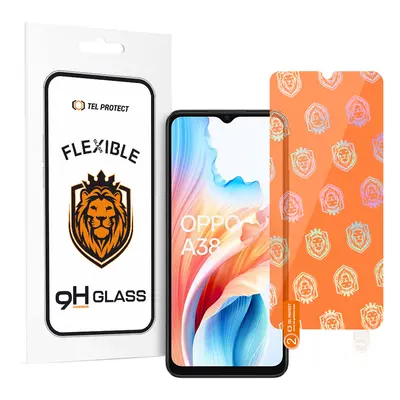 Tel Protect Best Flexible Hybrid Glass pro OPPO A18/A38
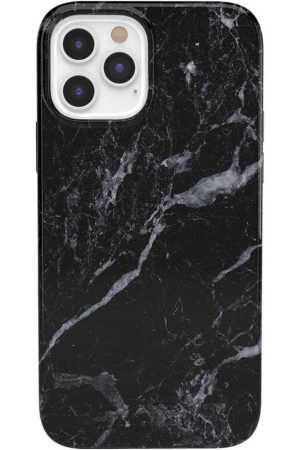 Black Pearl | Classic Black Marble Case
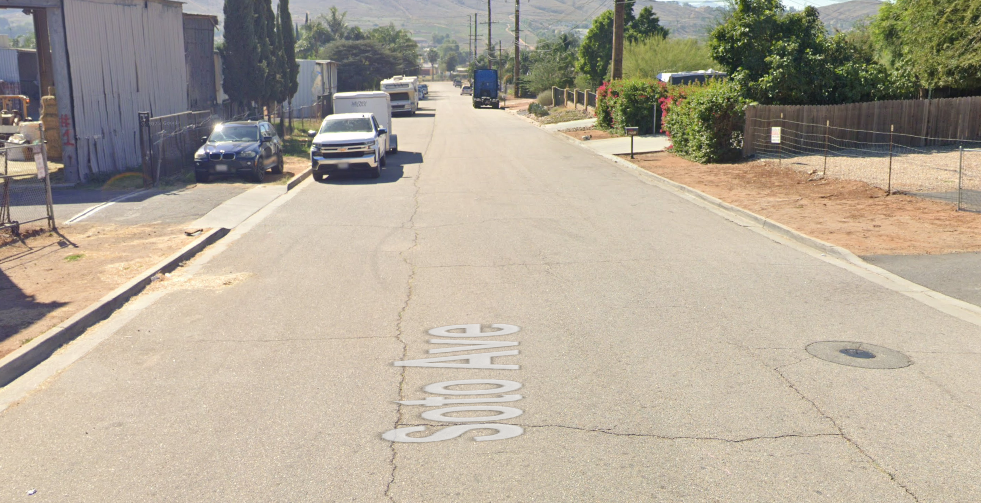 Jurupa Valley Pedestrian Accident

_PROBLEM DETAILS_
In the answer, the data should reappear exactly, with no pictures.

_YOUR RESPONSE_
 Tel Protect Best Flexible Hybrid Glass pro OPPO A18/A38
 Black Pearl | Classic Black Marble Case
 Jurupa Valley Pedestrian Accident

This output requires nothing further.